Source material Start Marker

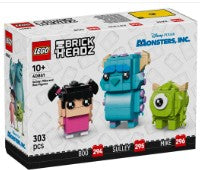 * LEGO - 0 - 40861 - BrickHeadz - Figurines de Sulley, Mike et Boo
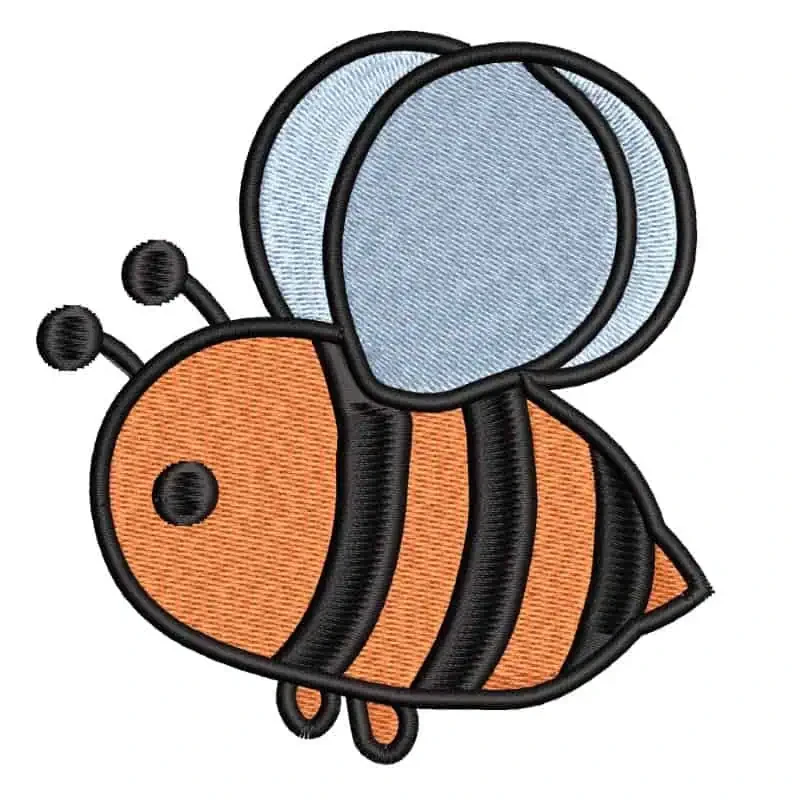 Kids Honey Bee Embroidery Design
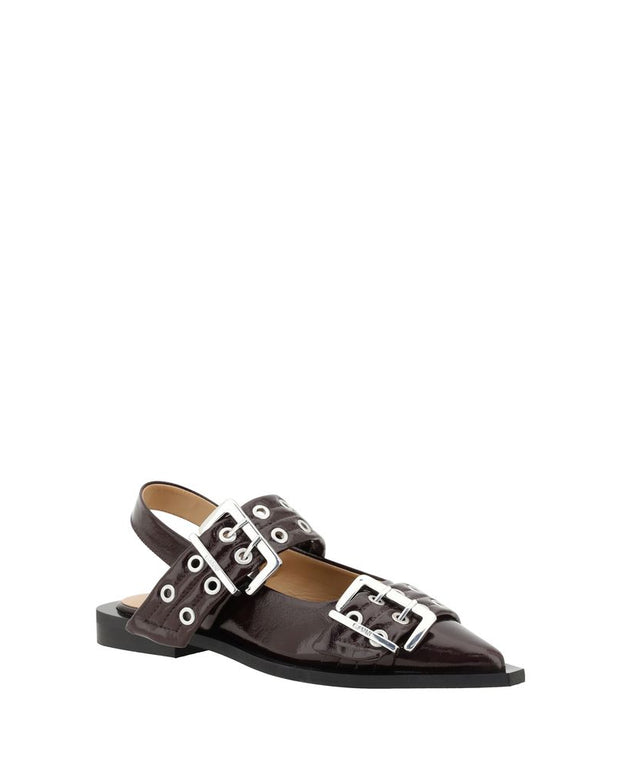 Buckle Ballerinas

Source material End Marker

◆ Directions:
Begin with the line containing "Kids Honey Bee Embroidery Design" and end with the last line of the material above; return exactly those lines, both ends included, and omit all pictures.

◆ Task output:
 Kids Honey Bee Embroidery Design
 Buckle Ballerinas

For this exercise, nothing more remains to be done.